My broth/soup took about 9 minutes to get to a boil and my vegetables were plenty tender after 12 minutes.
(d)  Whisk the eggs and 3 tablespoons lemon juice in a medium bowl.
(e)  Slowly ladle about 1 1/2 cups of the hot broth into the egg mixture, whisking constantly.
You want to whisk… not stir.  Stirring gives the effect of egg drop soup where you can see strings of egg white & yolk.  You want the egg mixture to blend.
(f)  Add the shredded chicken to the pot, then whisk in the egg-broth mixture.

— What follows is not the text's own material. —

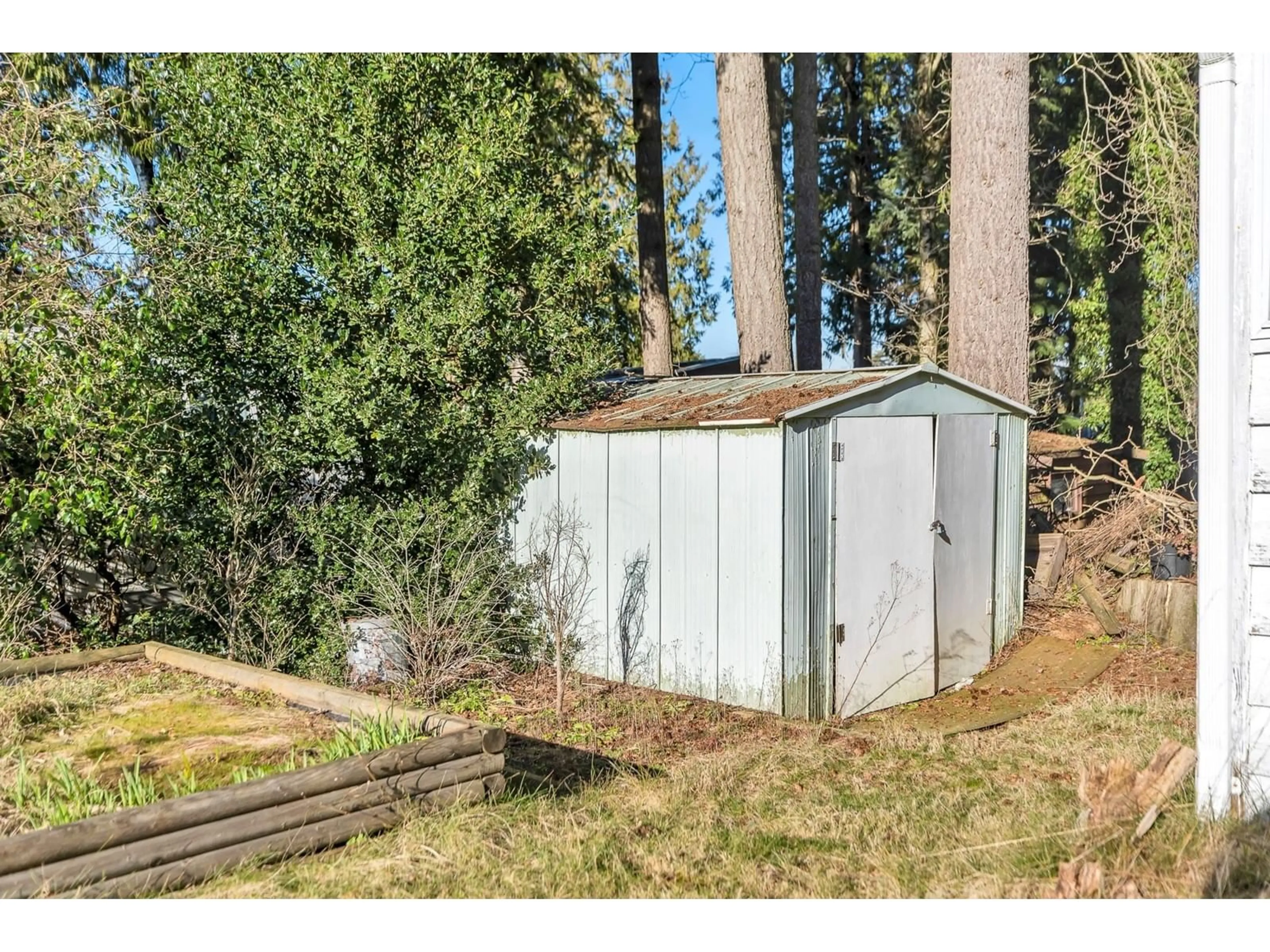 Shed for 73 24330 FRASER HIGHWAY, Langley British Columbia V3A4P6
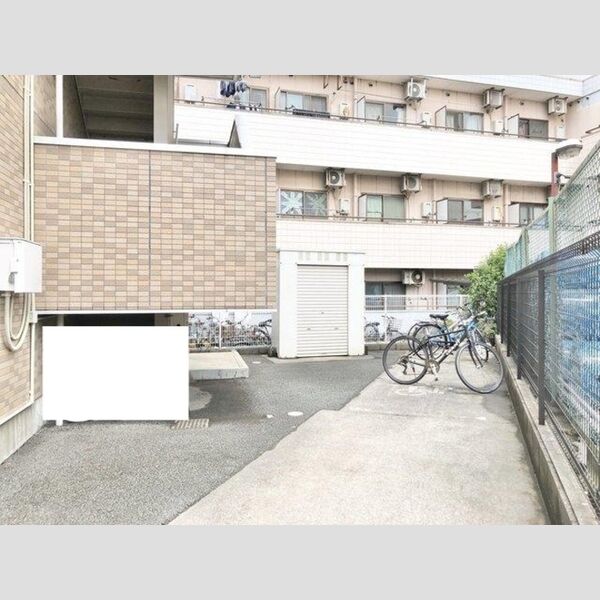 ARAKISS　PLAZA 駐輪スペース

(g)  Return the soup to a gentle simmer, then remove from the heat.
Same goes here as for Step (e).
(h)  Stir in the scallion greens and parsley and season with salt and pepper.
(3)  Make salad:
(a)  Put the salad greens in a large bowl and toss with the remaining 3 tablespoons olive oil and 1 tablespoon lemon juice.
(b)  Season with salt and pepper.
(4)  Serve the soup with the salad.

On a day like today – crisp, windy and cool – this is the perfect lunch or dinner.  The salad is very basic, but there are a lot of ways to jazz it up.

If I were going to change anything:
  • I’d add a dusting of freshly ground pepper on top of the finished salad and soup.
  • I may dress up the salad a little.  Maybe add some fresh herbs to it?  There is also the option to add onions, red bell pepper, cucumbers, mushrooms… any vegetable will perk it right up and fit with the light olive-oil and lemon juice dressing.